Just applying power doesn't seem to do it - I tried plugging it into the PCI
bus of an old PC and the fan worked but nothing else. I think either: the
PIC microcontroller or the Intel bus bridge IC might be holding the SunPCi
in reset, or the modified bios on the SunPCi card might be unwilling to
boot without some words of encouragement from a genuine Sun workstation, or
something I haven't thought of.
If I plug it into the Sun machine and run the software on the SPARC cpu that
tells the SunPCI to boot, then from what I remember, the internal video
port of the SunPCI does become active and shows some text whilst the bios
boots properly and then when Win98 runs off the emulated hard drive, the
video is switched over to the window on the Sun desktop, so if it were
possible to boot the SunPCi without the Sun then I ought to see something
on the video port.
I considered trying to find out about an open-source bios which could
replace the one on the board but it looks to me like these open BIOSs are
only available for specific motherboards.

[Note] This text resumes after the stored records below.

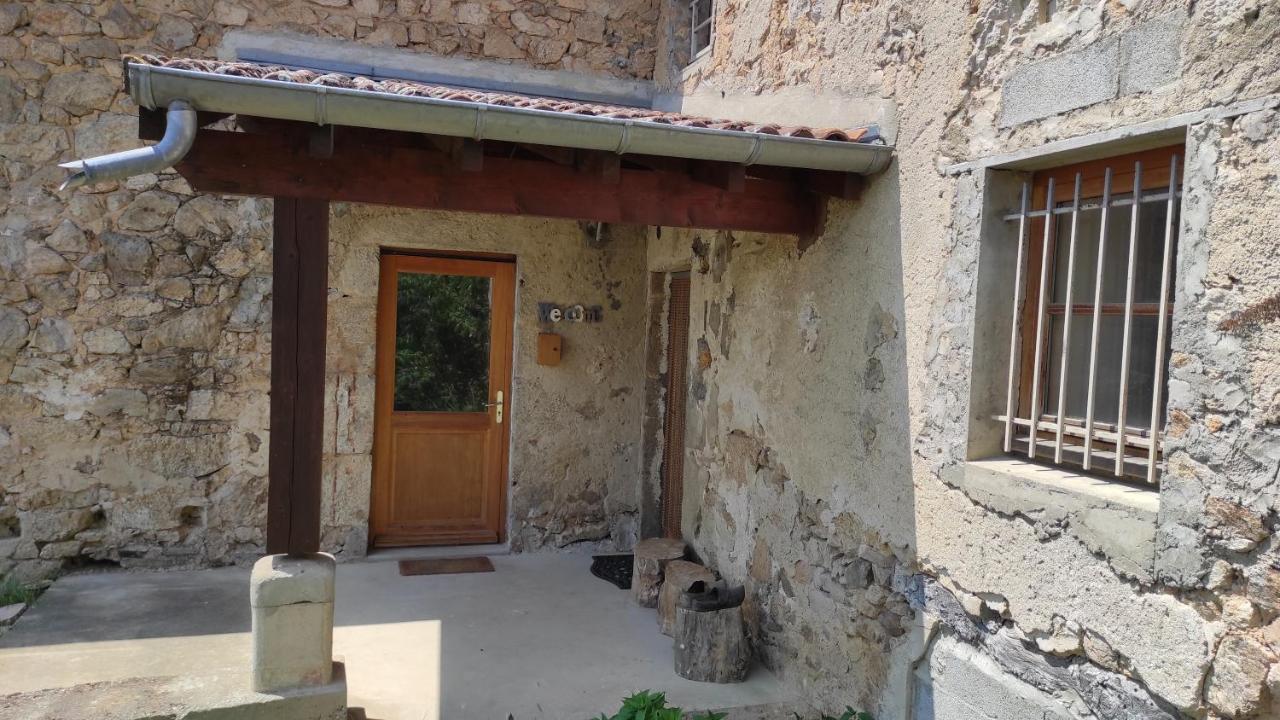 Ancienne Ferme Tranquille En Haute Ardeche Etables  Exterior foto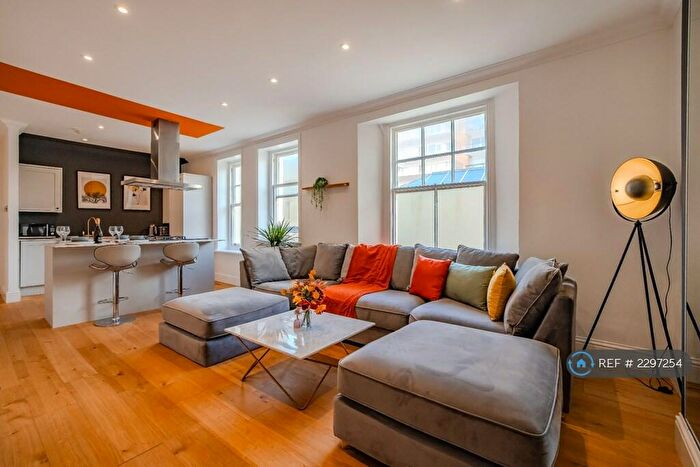 2 Bedroom Flat To Rent In Adelaide Mansions, Hove, BN3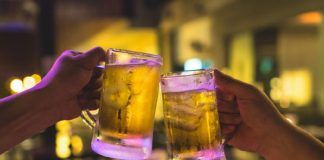 Disfrutando unas cervezas por Alcorcón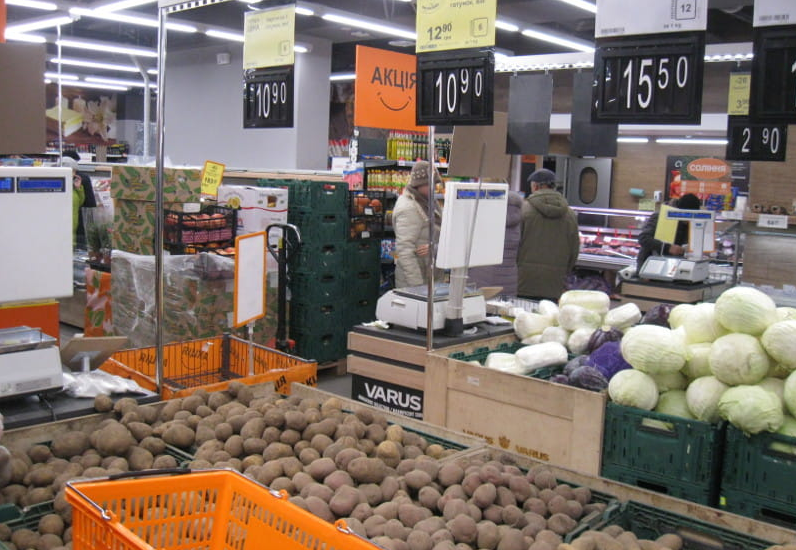 Новости Днепра про «Золотой борщ»: в днепровском «Варусе» предлагают купить картошку по 126 гривен за килограмм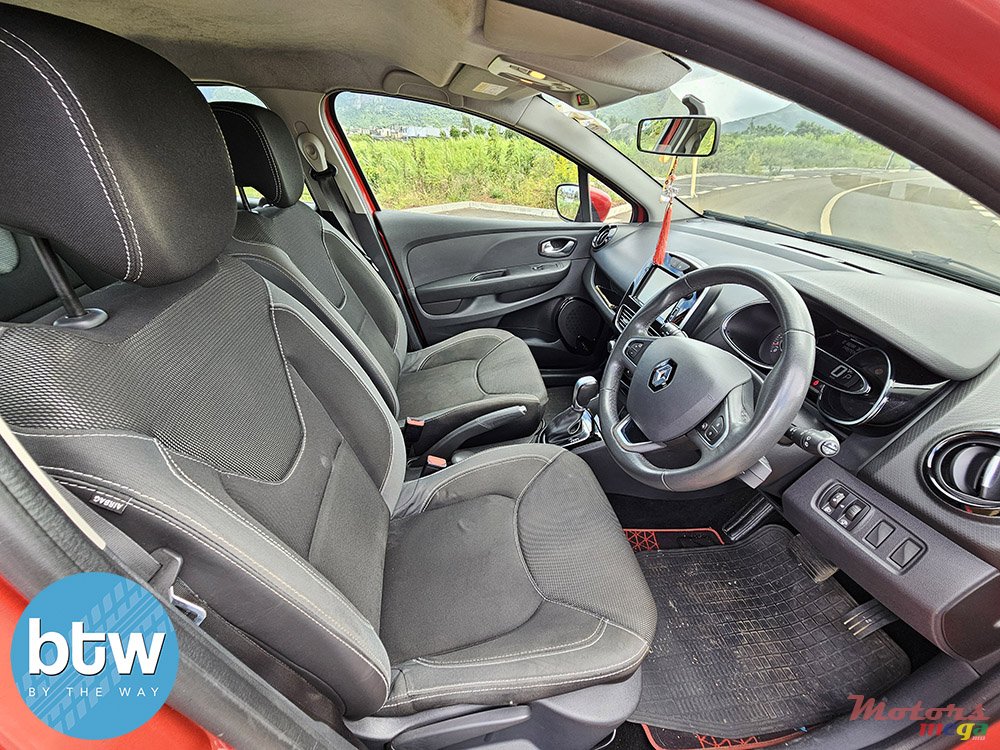 2017' Renault Clio Zen photo #5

These cards are sitting in a pile at work and are causing me great anguish
because I can see that they are basically complete low power PCs and they
will sit there forever gathering dust unless I figure out how to persuade
them to boot. Has anyone else played with one of these? (or ideally I'd
love it if one of the designers were lurking here and could give me a quiet
hint...)
Chris
I have access to, and the opportunity to play with, (though not at present
ownership of) a large number of no-longer-required SunPCI cards. The model
is Penguin, Bios V1.1.2 441B. These are basically an AMD x86 PC on a PCI
card which plugs into the bus of a SPARC based sun workstation, to allow
Sun users to run M$ windows / PC programs without getting a separate box,
power supply, hard drive, network connection etc. The card has a 400MHz
AMD cpu, 2 DIMM banks, its own graphics chipset (SiS 5598), W48C67 clock
generation, ESS1869F audio chip, Winbond W83877TF peripherals, it has
USB1.1 I think, some slightly modified Award bios, a PIC16C64A programmed
by Sun, AFAIK to emulate a keyboard and mouse (to get the input from the
Sun keyboard and mouse and to provide this to the PC by emulating the
hardware. The sticker on the PIC says MSKB 18 (c)1998), and it has an intel
21554 PCI bus bridge, to allow the Sun to access the PC memory I think, (or
vice versa?) which allows the PC to render its screen inside a window on
the sun desktop, although there is the option to use the internal graphics
hardware on the SunPCI card and the VGA connector on the card edge. The
card seems to also have an IDE interface though the connector has not been
soldered on since the normal usage is to access the a file on the Sun hard
drive via some software on the Sun CPU over the PCI bus bridge somehow.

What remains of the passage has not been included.